▸ **Task brief**
Each line of the data must be written out again verbatim; no image belongs in the copy.

▸ **Data provided**
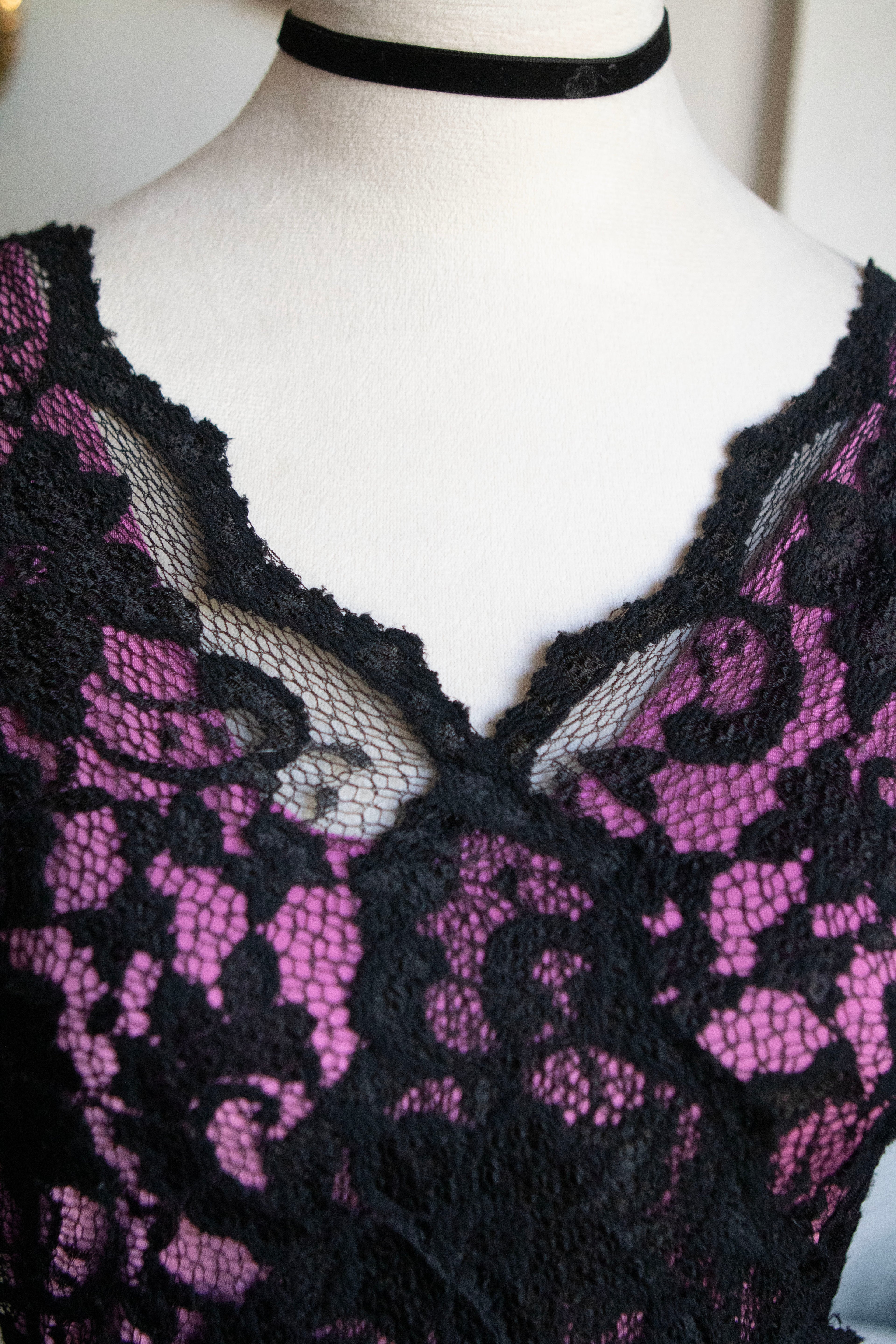 Vintage Late 90's Lace Floral Print Top 3/4 Sleeves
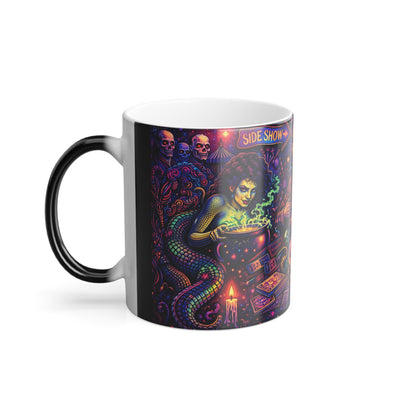 Creepy Carnival Snake Man Color Morphing Mug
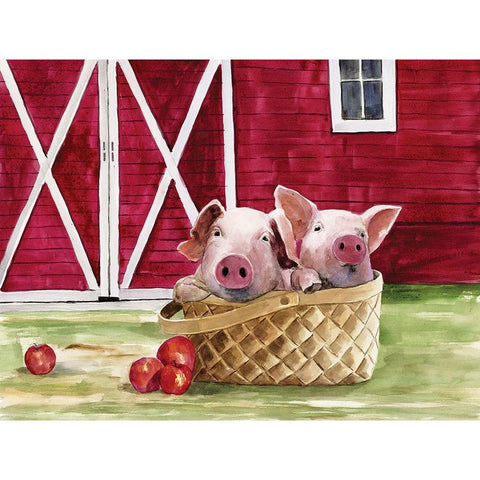 Pigs in a Basket Gold Ornate Wood Framed Art Print with Double Matting by White Ladder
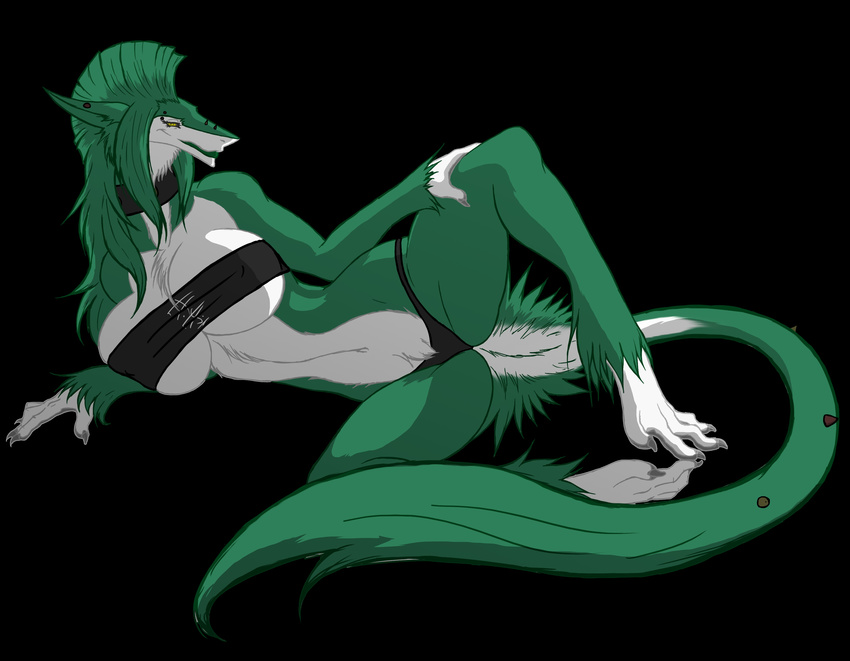 big_breasts black_panties black_sclera breasts choker claws cleavage female green green_hair hair long_hair looking_at_viewer lying midriff mohawk navel on_side panties partially_clothed raistlinalston16 sergal solo thighs thong top underwear yellow_eyes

▸ **The answer**
 Vintage Late 90's Lace Floral Print Top 3/4 Sleeves
 Creepy Carnival Snake Man Color Morphing Mug
 Pigs in a Basket Gold Ornate Wood Framed Art Print with Double Matting by White Ladder
 big_breasts black_panties black_sclera breasts choker claws cleavage female green green_hair hair long_hair looking_at_viewer lying midriff mohawk navel on_side panties partially_clothed raistlinalston16 sergal solo thighs thong top underwear yellow_eyes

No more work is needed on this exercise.